Sigmund Freud chamou os norte-americanos, certa vez, de lollardos, não pretendendo nenhum elogio. No entanto, espero que ele esteja certo. Eu espero, independente do que somos, ou da herança cultural ou espiritual que veio do Lollardismo, que façamos, e compartilhemos, uma dispendiosa abertura para mostrar o nosso respeito a todas as mentes e espíritos, especialmente àqueles em que o lugar na vida pode ter os impossibilitado de respeito. Pode ser que a variedade cultural exista para nos mostrar que são dignas de valor as histórias que formaram essas pessoas. As riquezas espirituais e intelectuais de outras nações floresceram neste país, enriquecendo-o num nível em que os que trouxeram suas histórias e tradições foram bons gerenciadores de sua riqueza especial e bons intérpretes dela para a sociedade em geral. A Reforma é outra bela e muito boa herança que temos, outra fonte de riqueza espiritual e cultural, e merecedora de bons advogados e intérpretes.
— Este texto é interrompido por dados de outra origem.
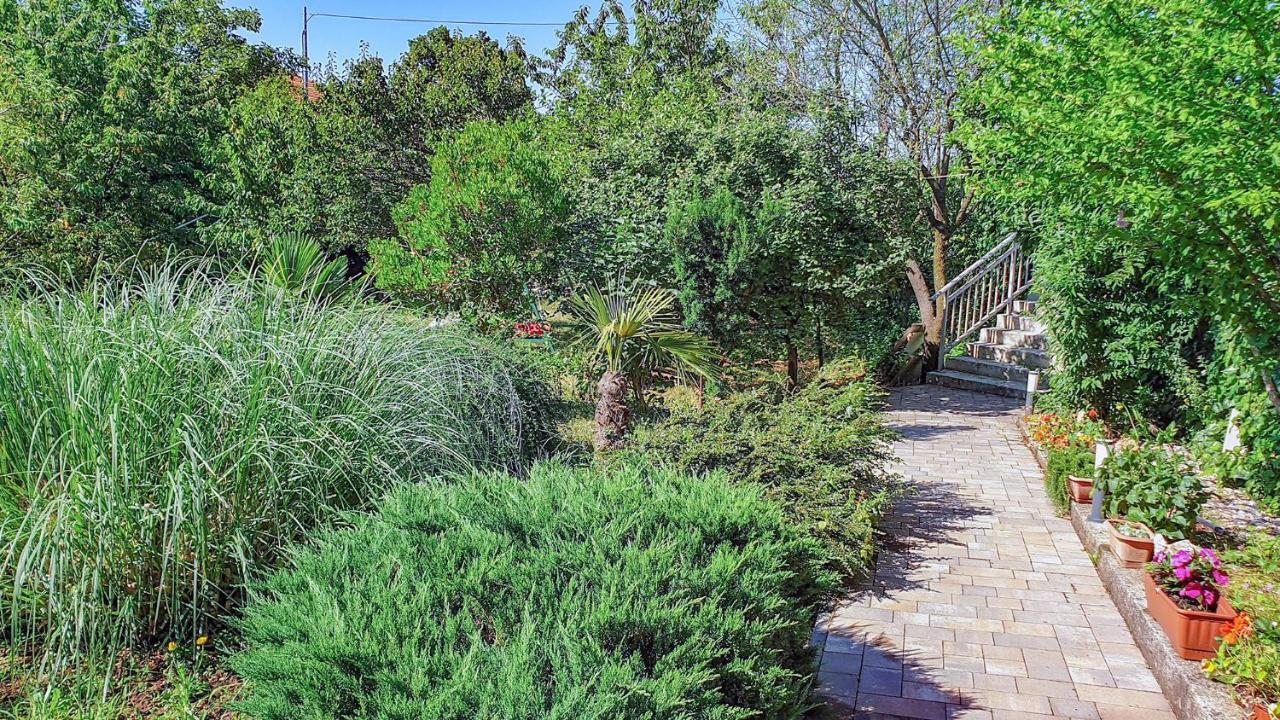 Apartamento Marinici - With Private Parking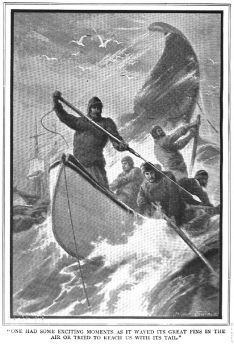 Whale hunting in Arctic (1880).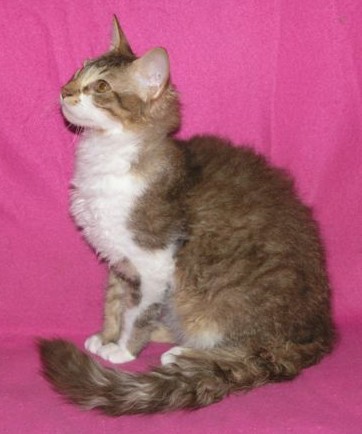 File:Laperm LH blacktabby white.jpg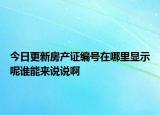 今日更新房產(chǎn)證編號在哪里顯示呢誰能來說說啊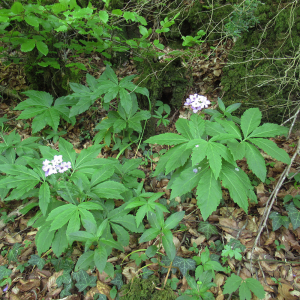 Photographie n°2482729 du taxon Cardamine heptaphylla (Vill.) O.E.Schulz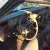Lincoln : Town Car Signature Series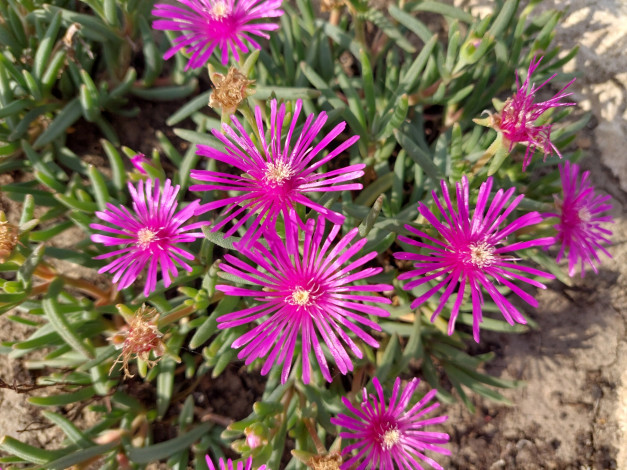 Обои картинки фото делосперма, цветы, аизовые, пустынный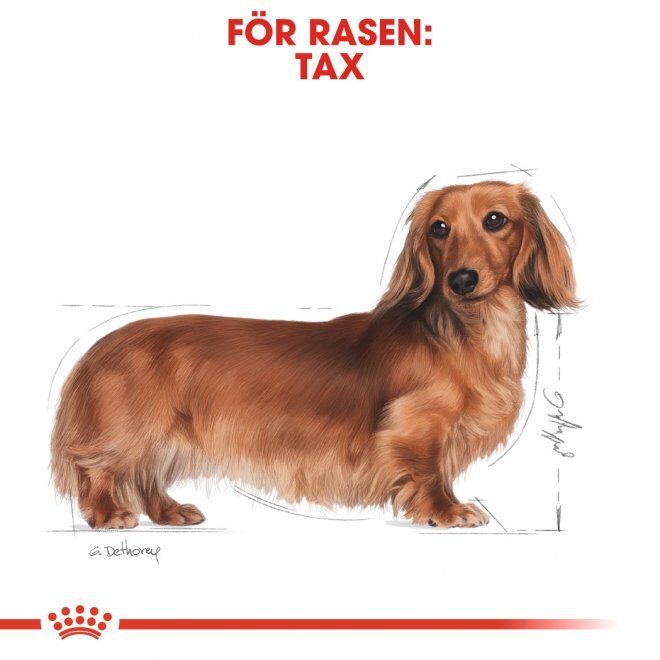 Royal Canin Dachshund Adult Loaf våtfoder för hund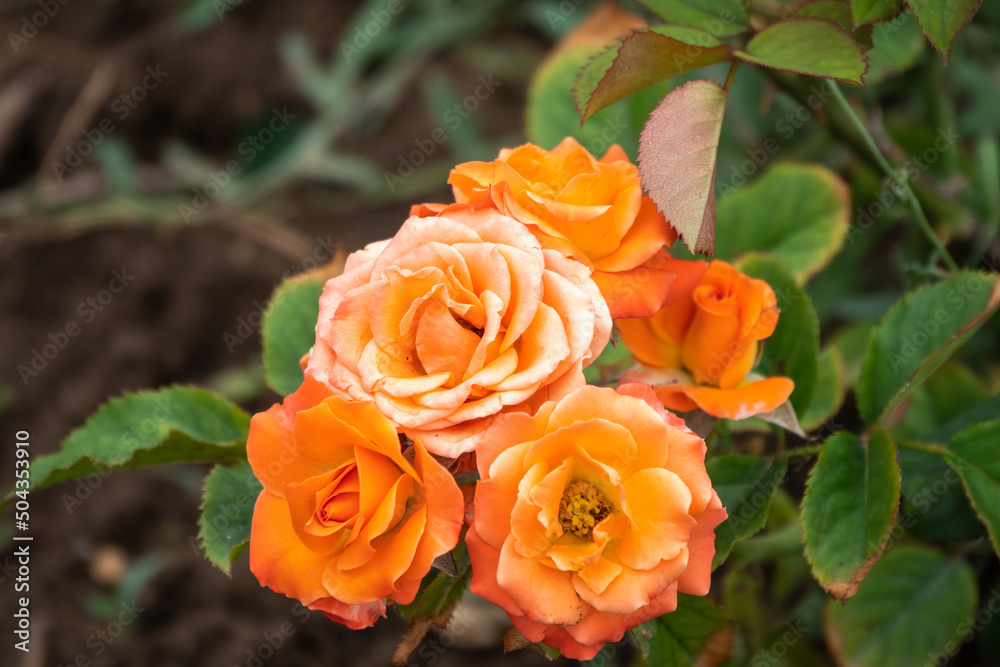 Yellow-red rose on a green blurred background. Yellow-red rose on a green blurred background.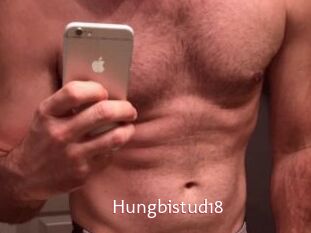 Hungbistud18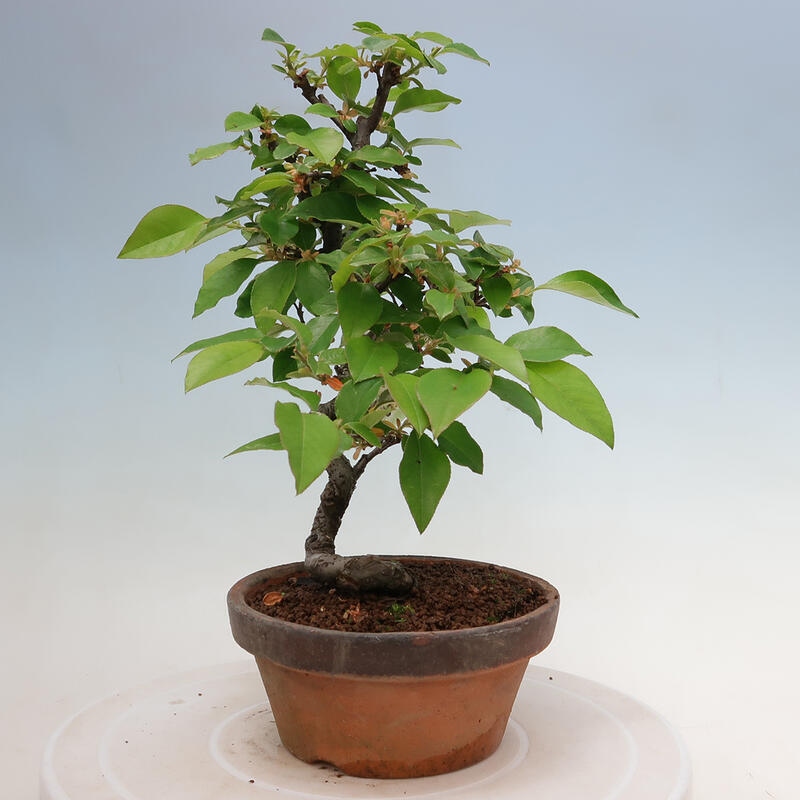 Bonsai voor buiten - Pseudocydonia sinensis - Chinese kweepeer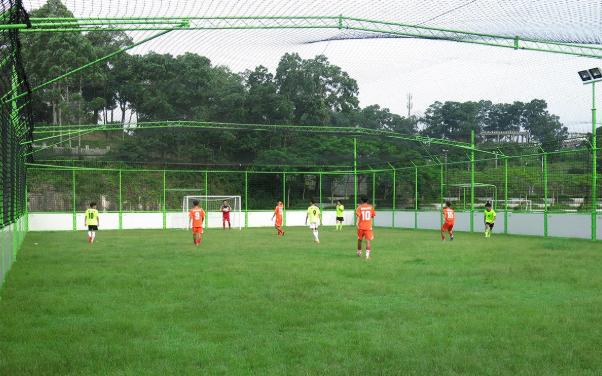 小细节大文明,小细节大文明视频
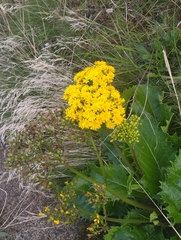 Leontodon hochstetteri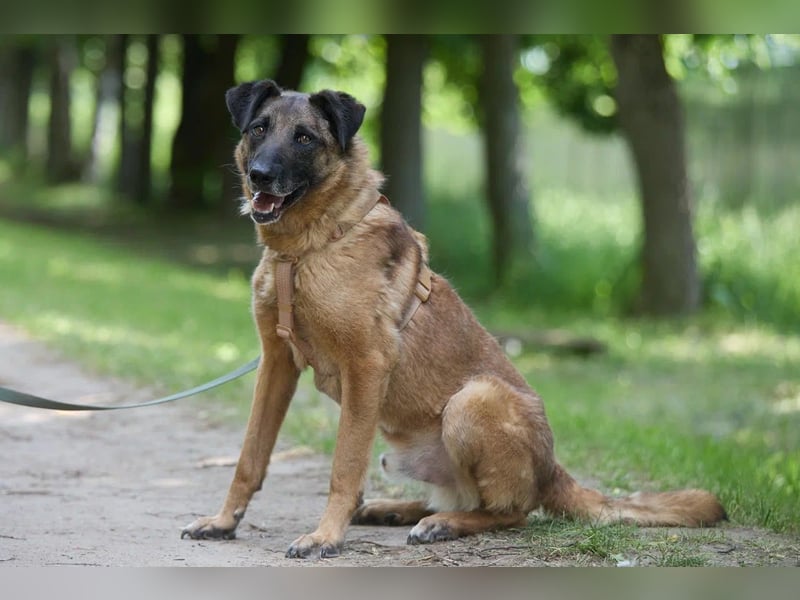 Zugewandter Graf ❤️ sucht Menschen mit Freude an Beschäftigung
[1] Matheus 5, 4 — 6. Tradução João Ferreira de Almeida Fiel.

[2] The Ploughman: o lavrador. Em alguns momentos, Robinson volta a usar o termo ploughman, fazendo alusão ao poema de Langland, mas, nestes casos, optamos por traduzi-los de forma literal.

[3] Tradução nossa do trecho citado por Robinson.

[4] Instituas da Religião Cristã de João Calvino — tomo I, capítulo 5, seção 2. São Paulo: Editora da UNESP (2008), tradução de Carlos Eduardo de Oliveira (página 52).

[5] Isaac Watts em The Improvement of the Mind. Tradução nossa do enxerto de Robinson.

[6] Instituas da Religião Cristã de João Calvino — tomo I, capítulo 5, seção 5. São Paulo: Editora da UNESP (2008), tradução de Carlos Eduardo de Oliveira (página 55).